▶ _Activity_
Leave the pictures out and transcribe every record exactly.

:::

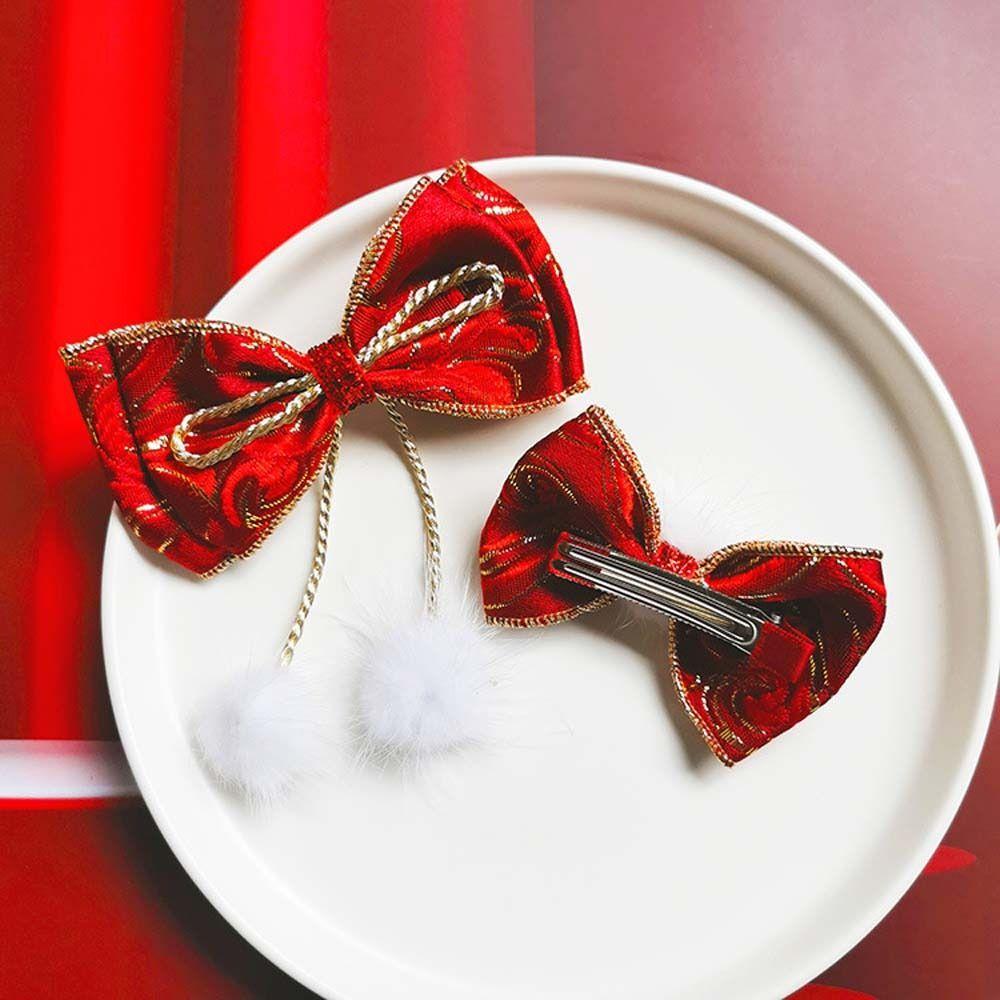 Plush Hair Grip Bowknot Chinese New Year Hairpins Bow Hair Hoop Hair Rope Kids Chinese Hair Clips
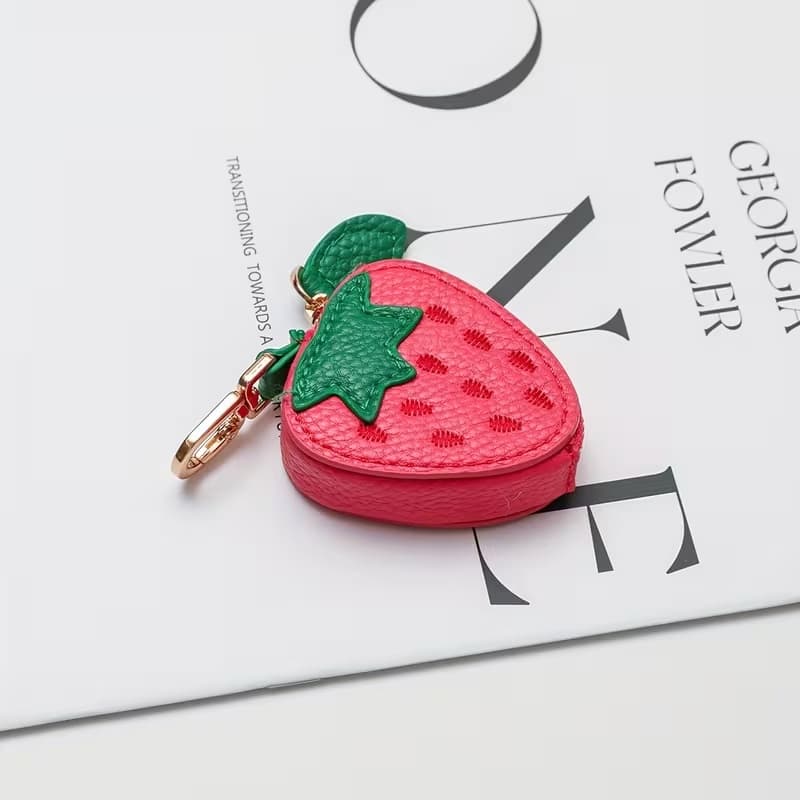TEMU Genuine Cowhide Fruit Pendant Coin Purse(compatible With Airtag), Mini Keychain Wallet For Men And Women- Cute Zipper Pouch Gift, Fruit Themed Accessory(beauty Of Leather)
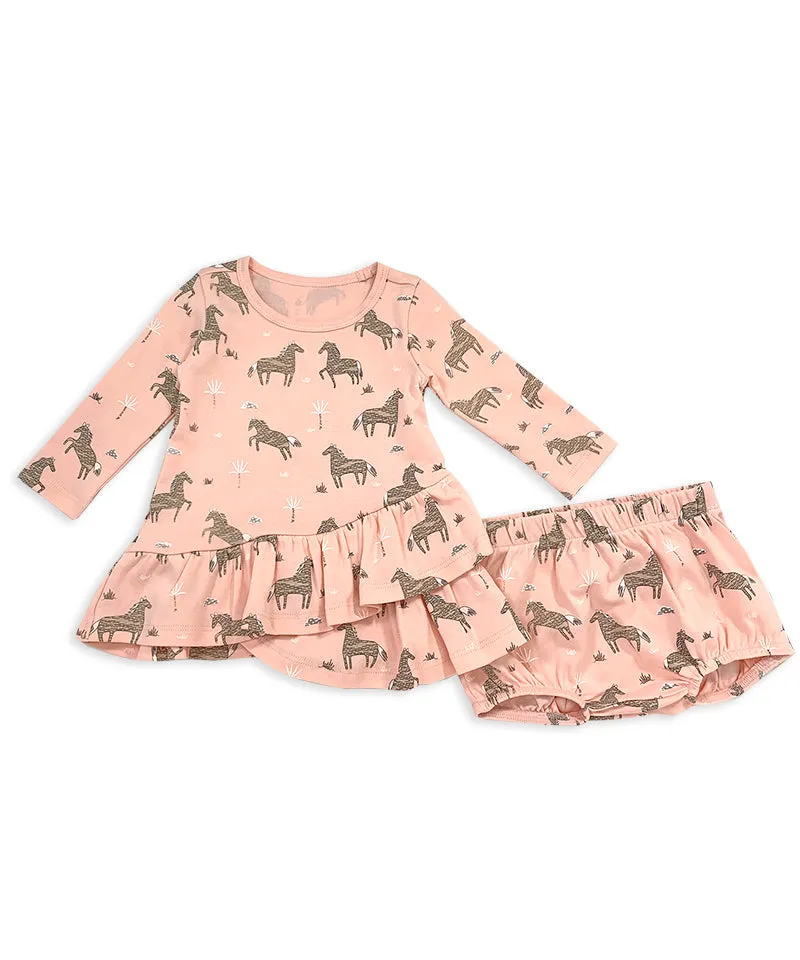 Wild & Free Horse Tulip Dress & Bloomer Set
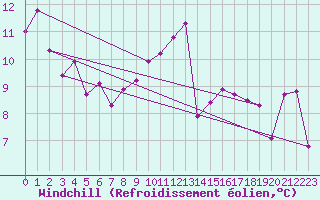 Courbe du refroidissement olien pour Wunsiedel Schonbrun
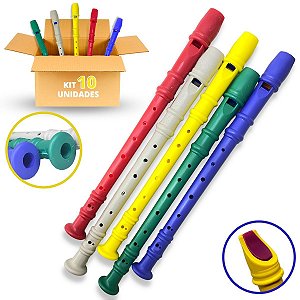 Kit 10 Flauta Doce Infantil Brinquedo Instrumento Plástico [F114]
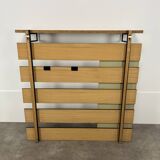 Teak wall coat rack and mirror, 60s, cloakroom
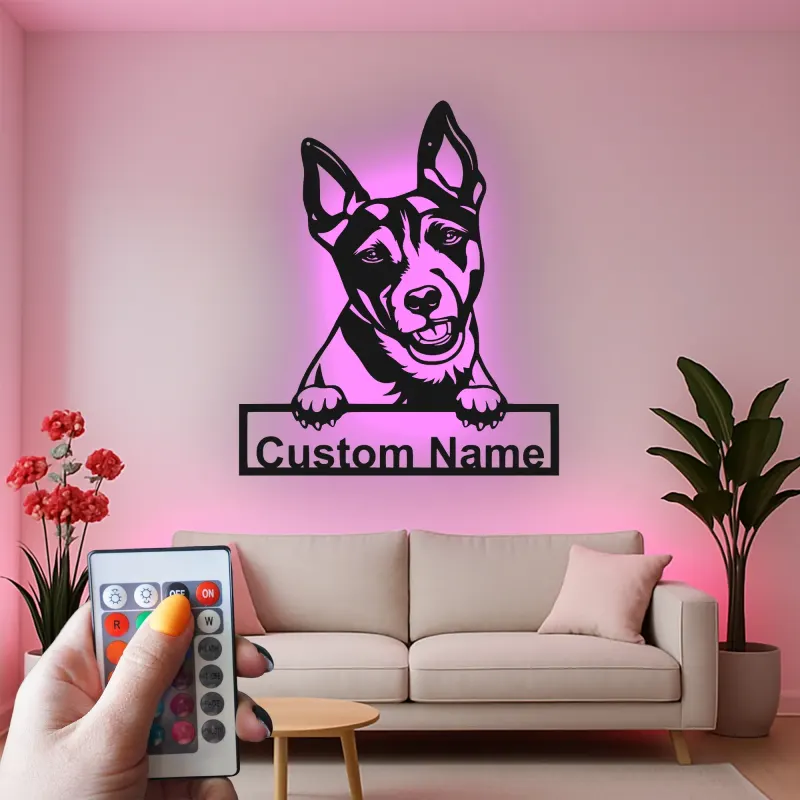 Personalisierte LED-beleuchtete Metall-Wandkunst mit Hundemotiv – Geschenk für Haustiereltern, Wohn- oder Eingangsbereich-Deko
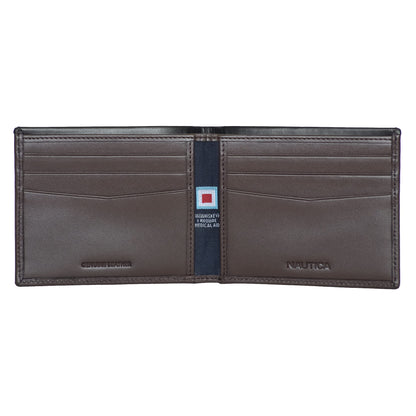 Nautica Men's Bifold Leather Wallet | RFID Blocking | ID Window | Card Slots | Organization | Durable | Stylish, Pop Color - Black/Brown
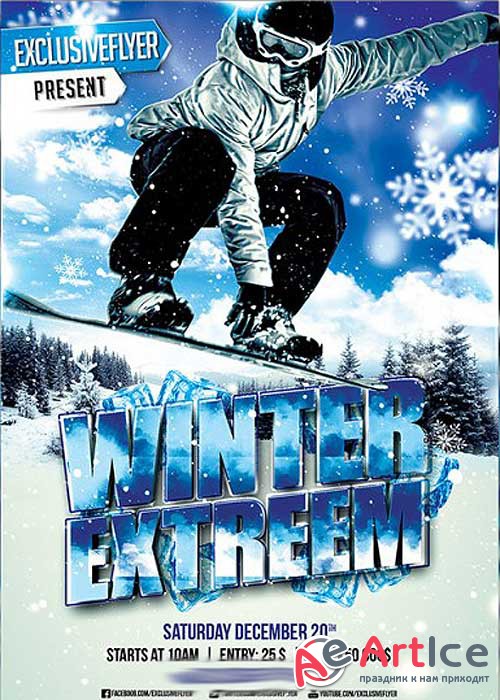 Winter Extreme Sport Premium Flyer Template + Facebook Cover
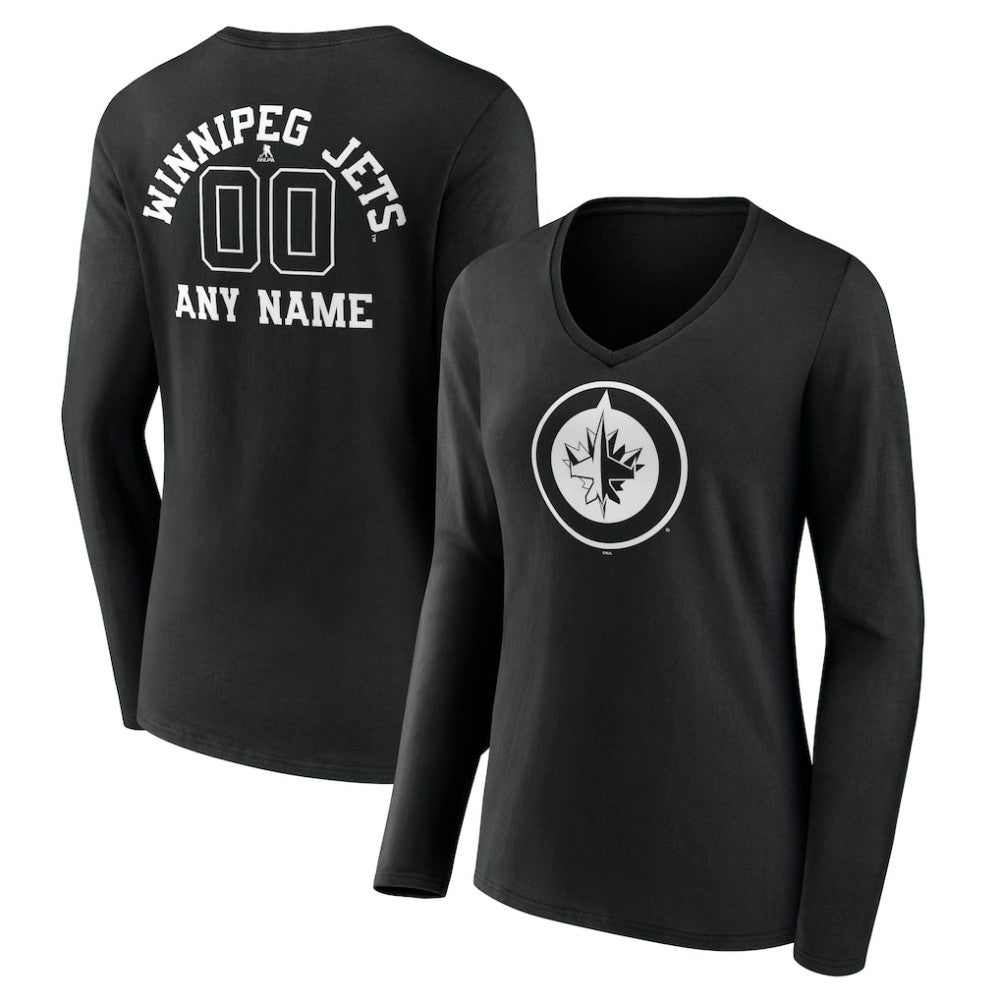 Winnipeg Jets Women's Personalized Name & Number Monochrome Long Sleeve V-Neck T-Shirt -  NHL T-shirts
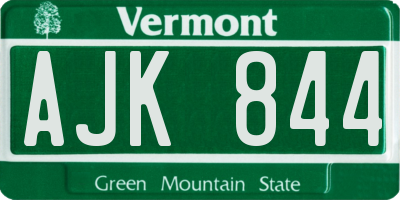 VT license plate AJK844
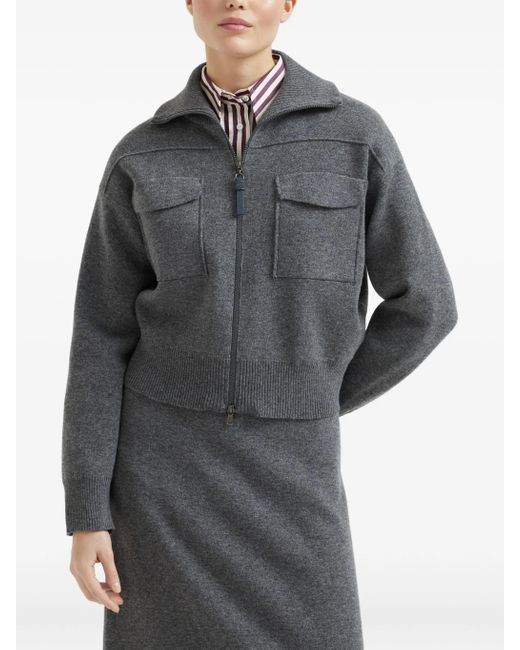 Brunello Cucinelli Gray Cashermere Zipped Cardigan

:::

▶ _Your response_
 Plush Hair Grip Bowknot Chinese New Year Hairpins Bow Hair Hoop Hair Rope Kids Chinese Hair Clips
TEMU Genuine Cowhide Fruit Pendant Coin Purse(compatible With Airtag), Mini Keychain Wallet For Men And Women- Cute Zipper Pouch Gift, Fruit Themed Accessory(beauty Of Leather)
 Wild & Free Horse Tulip Dress & Bloomer Set
 Courbe du refroidissement olien pour Wunsiedel Schonbrun
 Kit 10 Flauta Doce Infantil Brinquedo Instrumento Plástico [F114]
 Teak wall coat rack and mirror, 60s, cloakroom
 Personalisierte LED-beleuchtete Metall-Wandkunst mit Hundemotiv – Geschenk für Haustiereltern, Wohn- oder Eingangsbereich-Deko
 Nautica Men's Bifold Leather Wallet | RFID Blocking | ID Window | Card Slots | Organization | Durable | Stylish, Pop Color - Black/Brown
 Winter Extreme Sport Premium Flyer Template + Facebook Cover
 Winnipeg Jets Women's Personalized Name & Number Monochrome Long Sleeve V-Neck T-Shirt -  NHL T-shirts
 VT license plate AJK844
 Brunello Cucinelli Gray Cashermere Zipped Cardigan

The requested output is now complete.